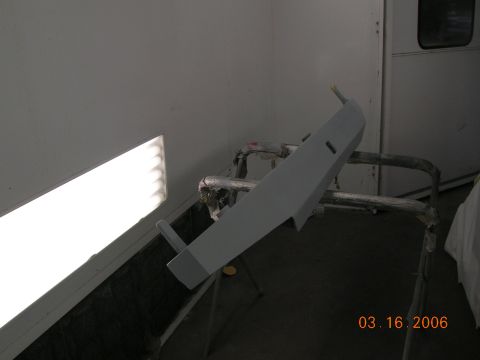 1985 Ford Bronco - A car bumper is prepped for painting in a workshop, with a date stamp of 03.16.2006 visible.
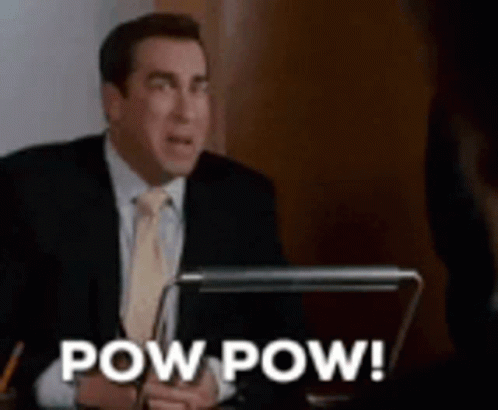 A Man In A Suit And Tie Is Sitting At A Desk With A Laptop And The Words Pow Pow . GIF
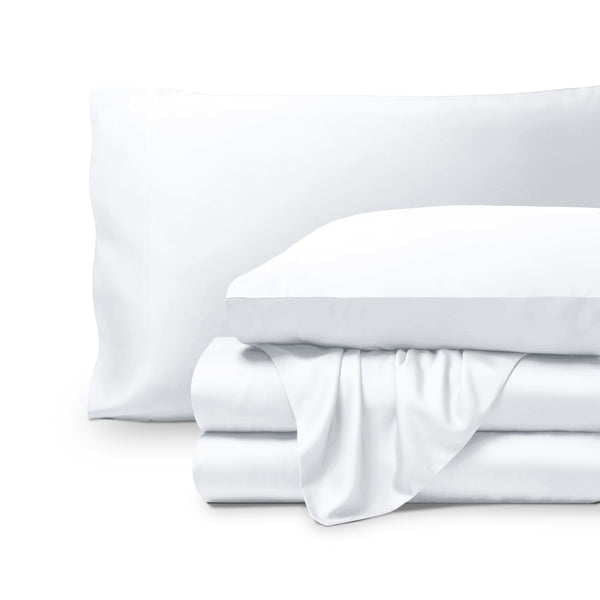 Bamboo pillowcases and sheets set on a white background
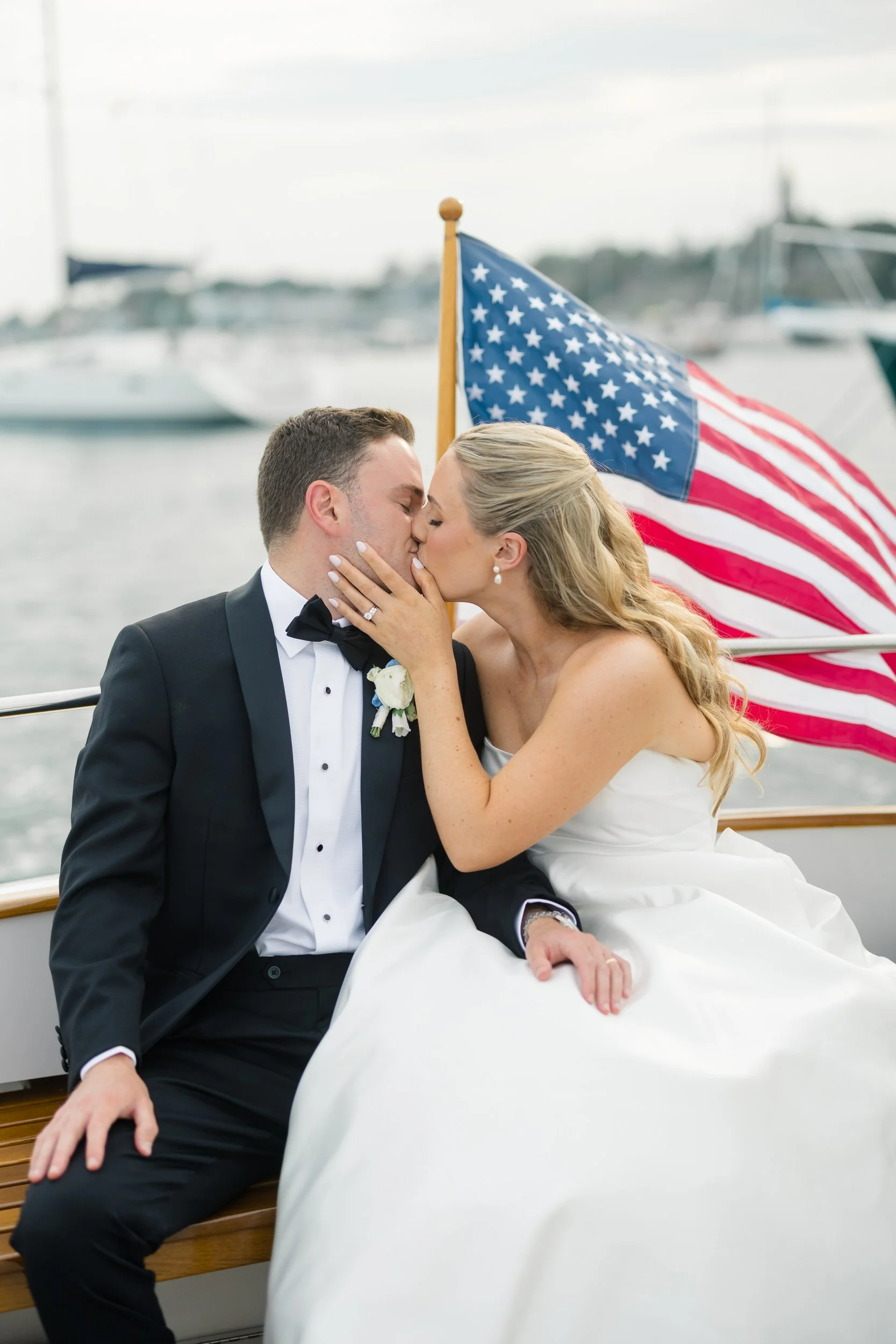 Elegant waterfront wedding portraits taken on a boat during a Corinthian Yacht Club Marblehead Massachusetts wedding.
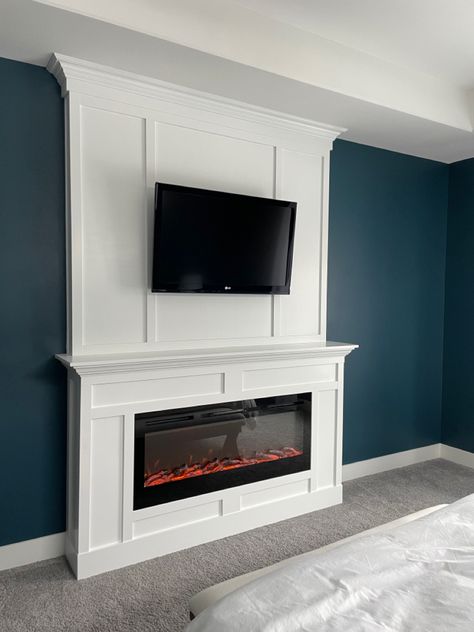 Electric Fireplace In Master Bed, Living Room With Fake Fireplace, Tv Wall Design Fake Fireplace, Box Molding Around Tv, Electric Fireplace With Board And Batten, Electric Fireplace Ideas With Tv And Mantle, Rectangle Electric Fireplace Ideas, Bump Out Fireplace, Bedroom Electric Fireplace Ideas Master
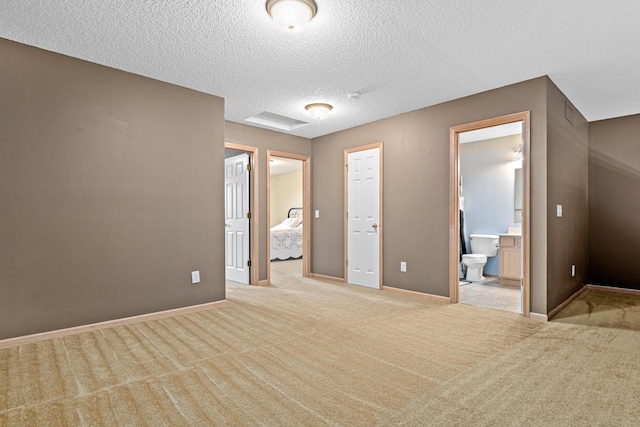 15440 Eminence Ave N Unit 2, Hugo, MN 55038 - unfurnished bedroom with a textured ceiling, carpet, ensuite bathroom, and baseboards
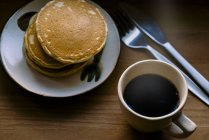 Stack of pancakes with black coffee over table — Stock Photo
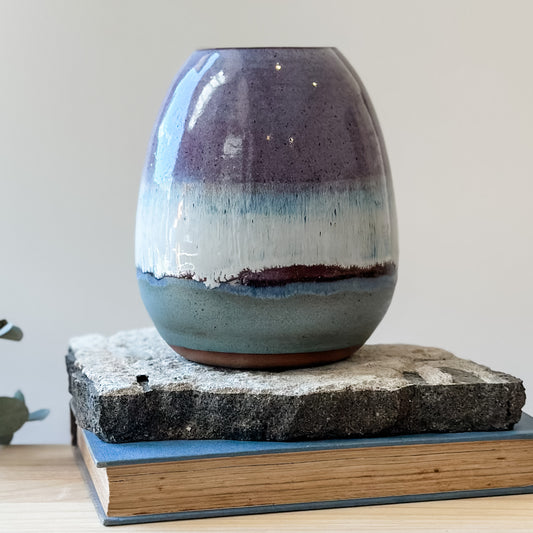 The Coastal Handmade Ceramic Round Vase sits on a tile and wooden table. The vase has a purple, white and blue glaze.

============

§ **To do**: Copy the lines of the records, beginning where the line containing "15440 Eminence Ave" appears and continuing through the final line, exactly and with no pictures.

§ **Task answer**:
 15440 Eminence Ave N Unit 2, Hugo, MN 55038 - unfurnished bedroom with a textured ceiling, carpet, ensuite bathroom, and baseboards
 Stack of pancakes with black coffee over table — Stock Photo
 The Coastal Handmade Ceramic Round Vase sits on a tile and wooden table. The vase has a purple, white and blue glaze.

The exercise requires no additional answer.